UCL Urban Laboratory is a cross-disciplinary centre for the study of cities and urbanism, based at University College London. It carries out research, education and outreach activities both in London and internationally. The Urban Laboratory was established in 2005. UCL Urban Lab is a department of the Bartlett Faculty of the Built Environment which also co-operates with the faculties of Engineering, Social and Historical Sciences; and Arts and Humanities. The current director and Head of Department is Dr Clare Melhuish, who took on the role from Dr Ben Campkin in 2018.

The Urban Laboratory runs a number of urban events programmes promoting urbanism, including the annual international Cities Imaginaries lecture, and in past years the peer-reviewed exhibition Cities Methodologies with the Slade School of Fine Art, and Urban Lab Films, a public programme of talks and film screenings on cities. Cities Methodologies has been described by Monocle as a "marketplace of research ideas, [which] bring lots of different approaches to common urban questions together, and for work to be put in juxtaposition."

From 2013, the Urban Laboratory has been part of the European Union-funded Erasmus Mundus Urban Lab+ international network of Urban Laboratories, an organisation composed of eight international universities in Europe, Africa, Asia, and Latin America. The project seeks to expand and strengthen competence in the realms of architecture, urban planning and other built environment disciplines. Urban Lab is a partner member along with Technische Universität Berlin, École Polytechnique Fédérale de Lausanne, University of Calabria, Pontificia Universidad Católica de Chile, University of the Witwatersrand, Kamla Raheja Vidyanidhi Institute, and the Chinese University of Hong Kong.

In 2012, UCL Urban Laboratory were critical of UCL plans to open a new campus near the site of the Olympic Park in East London on the Carpenters Estate, as detailed in an open letter sent to the university's council. The new campus would have required the demolition of the existing estate and relocation of current residents. The plans detailed in the "UCL Stratford Proposition" attracted considerable press attention and caused a student-led opposition group from UCL Union to 'occupy' a room in UCL's Bloomsbury campus. The main objection of the Urban Laboratory (endorsed by The Bartlett's Development Planning Unit) was that the plan constituted a missed opportunity to draw on the expertise of the UCL community and show leadership in developing a sustainable and socially equitable approach to regeneration. Plans for the new campus were dropped in May 2013 following a failure for UCL and Newham Council to agree to terms.

==Structure==
The current director of the Urban Laboratory is Dr Clare Melhuish, who has a background in architectural history, anthropology and human geography, alongside an extensive career as an architecture critic, author and curator.

Between 2011 - 2018, the Urban Lab was directed by urbanist and architectural historian Ben Campkin.

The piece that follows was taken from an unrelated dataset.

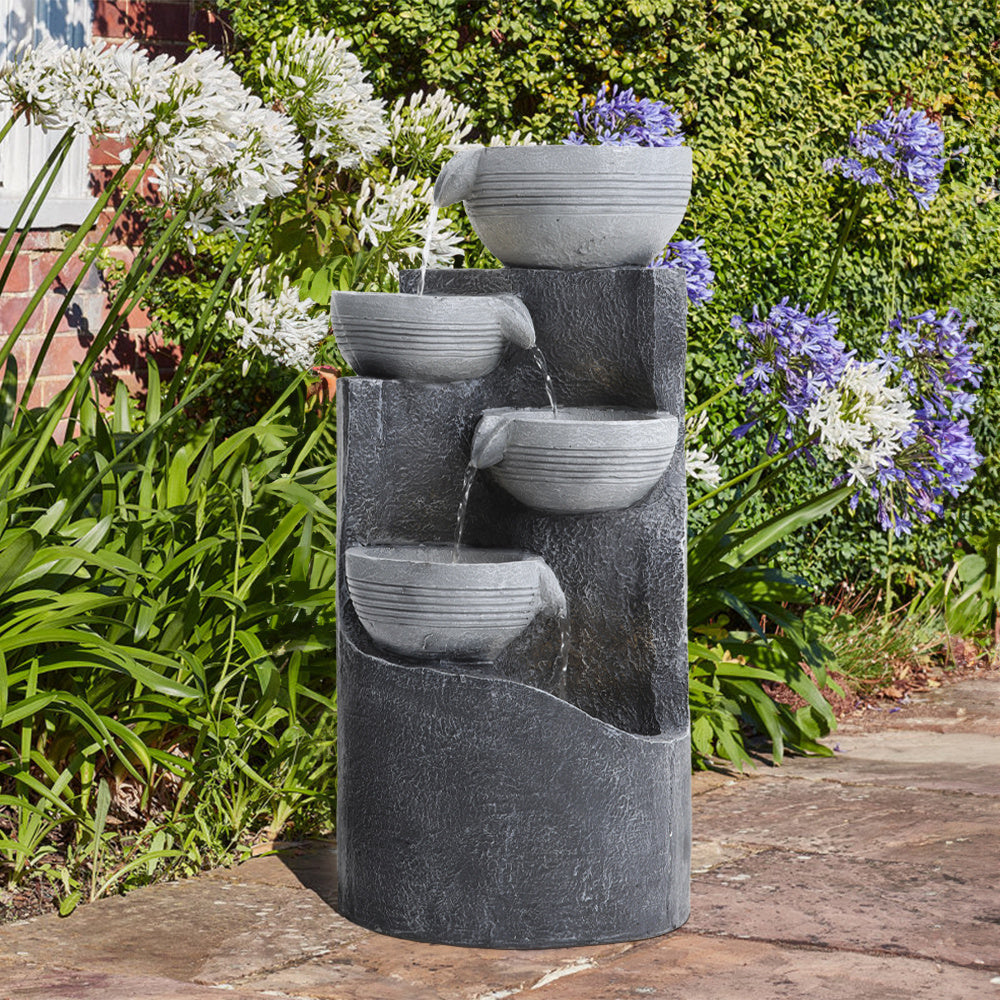 4 Tier Bowl Outdoor Solar Powered Water Fountain Rockery Decor with LED Light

He is also a senior lecturer in Architectural History at the Bartlett School of Architecture. He was co-editor of the 2012 book Dirt: New Geographies of Cleanliness and Contamination and writer of the 2013 book Remaking London: Decline and Regeneration in Urban Culture. The latter focuses on gentrification, sink estates and the history of regeneration in five areas of London (Somers Town, Elephant and Castle, Kings Cross, Shoreditch and Hackney Wick).

Former director Matthew Gandy is a geographer and urbanist. He is co-founder of the Urban Salon which links urbanists across London. He has taught geography at UCL since 1997, and before that worked at the University of Sussex between 1992 and 1997.